> **Source data**
━━━━━━━━━━

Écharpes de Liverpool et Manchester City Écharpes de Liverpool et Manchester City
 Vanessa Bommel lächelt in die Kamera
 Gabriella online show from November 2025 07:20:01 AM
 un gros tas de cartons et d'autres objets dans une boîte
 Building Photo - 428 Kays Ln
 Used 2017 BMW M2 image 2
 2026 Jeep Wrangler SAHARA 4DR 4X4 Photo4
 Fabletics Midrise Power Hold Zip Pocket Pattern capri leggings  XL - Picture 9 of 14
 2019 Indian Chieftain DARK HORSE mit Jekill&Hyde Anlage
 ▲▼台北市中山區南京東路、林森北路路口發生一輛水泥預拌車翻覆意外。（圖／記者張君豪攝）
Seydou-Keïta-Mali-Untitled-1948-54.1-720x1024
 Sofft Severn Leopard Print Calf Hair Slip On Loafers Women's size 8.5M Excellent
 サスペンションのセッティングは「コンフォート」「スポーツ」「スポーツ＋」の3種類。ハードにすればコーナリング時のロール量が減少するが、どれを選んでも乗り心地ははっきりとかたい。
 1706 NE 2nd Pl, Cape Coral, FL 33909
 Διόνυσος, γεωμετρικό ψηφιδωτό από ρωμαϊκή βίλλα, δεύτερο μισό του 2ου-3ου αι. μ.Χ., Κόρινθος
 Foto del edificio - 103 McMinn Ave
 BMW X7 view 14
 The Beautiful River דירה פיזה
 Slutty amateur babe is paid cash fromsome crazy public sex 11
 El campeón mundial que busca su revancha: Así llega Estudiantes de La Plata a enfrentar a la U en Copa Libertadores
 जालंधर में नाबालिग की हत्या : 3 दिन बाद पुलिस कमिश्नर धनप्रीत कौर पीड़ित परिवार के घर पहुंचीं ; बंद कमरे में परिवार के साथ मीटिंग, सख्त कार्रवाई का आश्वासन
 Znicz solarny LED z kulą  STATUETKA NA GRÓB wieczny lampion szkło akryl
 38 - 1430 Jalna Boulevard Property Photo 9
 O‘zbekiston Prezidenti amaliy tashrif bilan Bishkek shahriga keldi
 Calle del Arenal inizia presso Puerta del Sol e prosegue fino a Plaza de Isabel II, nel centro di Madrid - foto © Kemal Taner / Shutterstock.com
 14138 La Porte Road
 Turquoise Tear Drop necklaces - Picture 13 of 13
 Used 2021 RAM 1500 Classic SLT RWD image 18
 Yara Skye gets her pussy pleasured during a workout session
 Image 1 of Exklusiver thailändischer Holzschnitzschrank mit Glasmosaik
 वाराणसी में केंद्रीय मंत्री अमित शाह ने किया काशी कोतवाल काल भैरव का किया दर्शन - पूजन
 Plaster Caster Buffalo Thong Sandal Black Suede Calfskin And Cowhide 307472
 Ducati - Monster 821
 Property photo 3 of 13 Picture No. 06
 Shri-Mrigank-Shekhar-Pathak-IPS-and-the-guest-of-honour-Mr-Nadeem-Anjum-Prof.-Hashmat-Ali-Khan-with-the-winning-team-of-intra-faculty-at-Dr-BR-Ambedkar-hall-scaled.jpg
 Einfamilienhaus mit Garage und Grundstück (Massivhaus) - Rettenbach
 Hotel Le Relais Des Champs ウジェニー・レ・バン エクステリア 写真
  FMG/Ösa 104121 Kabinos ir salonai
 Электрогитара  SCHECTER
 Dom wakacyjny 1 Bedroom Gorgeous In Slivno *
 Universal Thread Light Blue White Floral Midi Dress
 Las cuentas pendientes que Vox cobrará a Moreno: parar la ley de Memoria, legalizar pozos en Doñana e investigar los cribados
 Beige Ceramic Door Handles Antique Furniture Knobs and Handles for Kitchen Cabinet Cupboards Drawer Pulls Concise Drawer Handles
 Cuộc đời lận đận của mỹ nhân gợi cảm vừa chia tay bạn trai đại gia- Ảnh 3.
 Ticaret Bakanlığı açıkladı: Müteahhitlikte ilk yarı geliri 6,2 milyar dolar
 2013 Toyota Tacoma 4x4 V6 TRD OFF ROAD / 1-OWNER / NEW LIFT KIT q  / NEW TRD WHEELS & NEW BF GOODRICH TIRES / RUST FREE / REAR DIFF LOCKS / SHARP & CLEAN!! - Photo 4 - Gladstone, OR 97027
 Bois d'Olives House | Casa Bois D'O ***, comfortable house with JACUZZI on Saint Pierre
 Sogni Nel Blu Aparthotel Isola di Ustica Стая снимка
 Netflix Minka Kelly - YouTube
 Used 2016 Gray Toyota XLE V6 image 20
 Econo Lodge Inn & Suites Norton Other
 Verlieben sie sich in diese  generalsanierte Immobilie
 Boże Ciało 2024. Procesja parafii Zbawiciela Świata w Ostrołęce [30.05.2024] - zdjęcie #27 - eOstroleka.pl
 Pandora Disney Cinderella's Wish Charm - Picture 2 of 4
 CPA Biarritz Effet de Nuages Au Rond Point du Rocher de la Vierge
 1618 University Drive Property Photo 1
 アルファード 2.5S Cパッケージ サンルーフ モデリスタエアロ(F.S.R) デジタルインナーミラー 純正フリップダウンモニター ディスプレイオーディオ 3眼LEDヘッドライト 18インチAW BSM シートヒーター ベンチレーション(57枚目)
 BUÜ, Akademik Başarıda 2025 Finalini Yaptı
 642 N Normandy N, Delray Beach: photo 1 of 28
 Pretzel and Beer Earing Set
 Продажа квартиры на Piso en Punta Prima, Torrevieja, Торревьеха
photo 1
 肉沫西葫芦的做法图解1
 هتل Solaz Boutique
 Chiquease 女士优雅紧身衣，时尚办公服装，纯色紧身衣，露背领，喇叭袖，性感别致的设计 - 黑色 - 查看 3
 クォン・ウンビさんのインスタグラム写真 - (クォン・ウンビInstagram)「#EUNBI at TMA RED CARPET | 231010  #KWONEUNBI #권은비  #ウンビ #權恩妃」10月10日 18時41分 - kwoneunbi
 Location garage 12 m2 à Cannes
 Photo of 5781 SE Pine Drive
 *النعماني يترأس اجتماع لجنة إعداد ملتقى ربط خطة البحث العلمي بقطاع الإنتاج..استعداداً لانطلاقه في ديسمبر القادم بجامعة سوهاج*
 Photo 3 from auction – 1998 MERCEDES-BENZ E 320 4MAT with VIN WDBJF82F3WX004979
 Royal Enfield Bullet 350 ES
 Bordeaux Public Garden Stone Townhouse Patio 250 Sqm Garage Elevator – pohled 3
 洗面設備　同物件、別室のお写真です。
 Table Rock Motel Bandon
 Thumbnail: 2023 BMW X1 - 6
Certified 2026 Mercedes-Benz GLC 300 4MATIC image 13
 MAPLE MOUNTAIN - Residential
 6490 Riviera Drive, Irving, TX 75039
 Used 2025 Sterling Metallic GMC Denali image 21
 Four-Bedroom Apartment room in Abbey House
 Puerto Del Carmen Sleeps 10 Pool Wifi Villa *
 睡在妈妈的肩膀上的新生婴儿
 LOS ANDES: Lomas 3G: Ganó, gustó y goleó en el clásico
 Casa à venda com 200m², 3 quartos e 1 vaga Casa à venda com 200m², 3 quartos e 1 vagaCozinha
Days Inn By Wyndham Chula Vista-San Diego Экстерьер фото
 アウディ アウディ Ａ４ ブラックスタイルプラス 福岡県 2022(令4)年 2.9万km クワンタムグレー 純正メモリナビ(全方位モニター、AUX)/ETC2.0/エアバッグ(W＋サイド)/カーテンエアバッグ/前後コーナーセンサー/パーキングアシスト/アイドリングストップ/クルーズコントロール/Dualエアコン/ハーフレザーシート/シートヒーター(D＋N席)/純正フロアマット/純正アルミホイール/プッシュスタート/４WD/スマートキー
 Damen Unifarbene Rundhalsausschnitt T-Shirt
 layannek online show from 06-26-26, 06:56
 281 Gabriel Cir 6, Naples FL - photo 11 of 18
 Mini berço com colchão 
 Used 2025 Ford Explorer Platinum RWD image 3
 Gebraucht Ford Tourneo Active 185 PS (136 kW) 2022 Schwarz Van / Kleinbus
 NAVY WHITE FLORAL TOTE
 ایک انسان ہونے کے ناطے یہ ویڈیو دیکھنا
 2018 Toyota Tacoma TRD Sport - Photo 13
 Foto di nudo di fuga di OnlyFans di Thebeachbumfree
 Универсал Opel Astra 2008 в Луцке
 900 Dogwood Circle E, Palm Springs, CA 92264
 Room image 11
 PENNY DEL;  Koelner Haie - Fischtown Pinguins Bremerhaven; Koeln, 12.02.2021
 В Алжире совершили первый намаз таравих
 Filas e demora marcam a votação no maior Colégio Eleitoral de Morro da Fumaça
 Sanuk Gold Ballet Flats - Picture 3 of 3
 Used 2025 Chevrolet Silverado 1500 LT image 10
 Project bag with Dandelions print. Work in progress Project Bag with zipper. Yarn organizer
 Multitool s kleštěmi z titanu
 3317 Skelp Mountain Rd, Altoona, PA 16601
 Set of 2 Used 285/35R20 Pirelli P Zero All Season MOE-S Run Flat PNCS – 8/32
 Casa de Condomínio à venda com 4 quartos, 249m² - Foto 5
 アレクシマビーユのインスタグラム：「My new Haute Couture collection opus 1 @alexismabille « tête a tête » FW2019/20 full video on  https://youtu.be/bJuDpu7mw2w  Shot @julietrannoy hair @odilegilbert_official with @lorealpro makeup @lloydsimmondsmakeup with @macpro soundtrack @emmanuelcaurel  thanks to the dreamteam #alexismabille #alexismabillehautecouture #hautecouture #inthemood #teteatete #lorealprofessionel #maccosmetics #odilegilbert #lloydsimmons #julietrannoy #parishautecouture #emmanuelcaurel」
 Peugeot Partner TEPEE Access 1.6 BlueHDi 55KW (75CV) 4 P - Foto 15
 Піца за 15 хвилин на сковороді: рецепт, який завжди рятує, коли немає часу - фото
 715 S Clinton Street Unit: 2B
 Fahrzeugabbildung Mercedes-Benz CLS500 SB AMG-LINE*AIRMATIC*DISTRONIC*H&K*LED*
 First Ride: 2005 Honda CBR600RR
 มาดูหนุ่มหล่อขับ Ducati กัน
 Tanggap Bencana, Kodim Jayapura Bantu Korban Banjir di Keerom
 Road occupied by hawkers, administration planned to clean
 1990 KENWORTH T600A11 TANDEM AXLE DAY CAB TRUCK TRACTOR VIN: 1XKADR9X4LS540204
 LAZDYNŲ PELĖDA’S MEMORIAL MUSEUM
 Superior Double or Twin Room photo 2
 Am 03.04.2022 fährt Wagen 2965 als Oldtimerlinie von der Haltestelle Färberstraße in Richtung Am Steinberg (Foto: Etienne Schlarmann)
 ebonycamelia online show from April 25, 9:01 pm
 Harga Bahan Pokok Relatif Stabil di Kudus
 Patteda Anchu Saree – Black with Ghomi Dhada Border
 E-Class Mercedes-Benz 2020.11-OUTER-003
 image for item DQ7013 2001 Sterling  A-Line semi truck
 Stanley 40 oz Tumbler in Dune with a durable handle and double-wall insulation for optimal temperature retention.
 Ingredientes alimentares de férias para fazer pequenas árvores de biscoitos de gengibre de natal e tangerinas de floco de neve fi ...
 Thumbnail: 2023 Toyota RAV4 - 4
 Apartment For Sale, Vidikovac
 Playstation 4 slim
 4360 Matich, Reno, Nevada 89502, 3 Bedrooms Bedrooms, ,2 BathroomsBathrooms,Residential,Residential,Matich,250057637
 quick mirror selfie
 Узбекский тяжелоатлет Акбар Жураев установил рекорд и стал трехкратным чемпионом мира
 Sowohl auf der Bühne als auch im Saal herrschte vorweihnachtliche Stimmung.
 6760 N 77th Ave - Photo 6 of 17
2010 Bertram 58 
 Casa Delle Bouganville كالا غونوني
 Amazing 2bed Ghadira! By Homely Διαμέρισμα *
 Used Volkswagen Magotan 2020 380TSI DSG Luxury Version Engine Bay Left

━━━━━━━━━━

Report, for the data above, every line in which the string "Property" appears.

> **Written response**
 38 - 1430 Jalna Boulevard Property Photo 9
 Property photo 3 of 13 Picture No. 06
 1618 University Drive Property Photo 1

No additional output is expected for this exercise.